7. Con ocasión del gran jubileo, he convocado una Asamblea especial para Asia del Sínodo de los obispos, «que ilustre y profundice la verdad sobre Cristo como único mediador entre Dios y los hombres, y como único redentor del mundo» (Tertio millennio adveniente, 38). Este Sínodo deberá analizar las circunstancias en las que se encuentran actualmente los pueblos y las culturas de vuestro continente y preparar a la Iglesia para cumplir mejor su misión de amor y servicio. La preparación y la celebración de esta Asamblea continental es una ocasión para caminar juntamente con la Iglesia universal hacia el tercer milenio, siguiendo a Cristo, en el Espíritu Santo. Por tanto, es de desear que la Iglesia que está en Vietnam pueda aportar a toda la Iglesia la contribución de su larga y rica experiencia de testimonio evangélico que sus pastores y sus fieles han vivido a veces hasta el heroísmo. Las líneas pastorales que surjan de esta Asamblea serán puntos de apoyo para reforzar la fe y dar nuevo impulso apostólico a las comunidades.

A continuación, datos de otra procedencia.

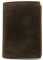 Charmoni Grand Classique Portefeuille en Cuir Protection RFID Blocage Homme (12VT Nubuck RFID Marron)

8. Queridos hermanos en el episcopado, al terminar este encuentro fraterno, quiero animaros a vosotros, así como a todos vuestros hermanos, a proseguir vuestro ministerio apostólico, con la esperanza que despierta en nosotros la Navidad del Señor, que vamos a celebrar dentro de algunos días. Dios ha querido manifestarse como «el Emmanuel », el que permanece entre nosotros, ayer, hoy y siempre. Que él sea vuestra fuerza y vuestra luz. Que os ayude a mantener la unidad en las Iglesias particulares confiadas a vuestra solicitud. Que refuerce la unidad de los obispos con el Papa y entre sí, y la unidad de los sacerdotes con el Papa y con sus pastores, en la comunión de la Iglesia universal.

Os encomiendo a la protección materna de la Madre de Cristo, nuestra Señora de La-Vang, de cuyas apariciones vais a celebrar el segundo centenario el 15 de agosto de 1998. Que ella sea para vosotros y para vuestros fieles una guía segura en el camino que lleva al Señor Jesús, su Hijo. A cada uno de vosotros, a los obispos que no han podido unirse a vosotros, a los sacerdotes, a los religiosos, a las religiosas y a todos los laicos de Vietnam, presentes en el país o que viven en el extranjero, imparto con afecto la bendición apostólica.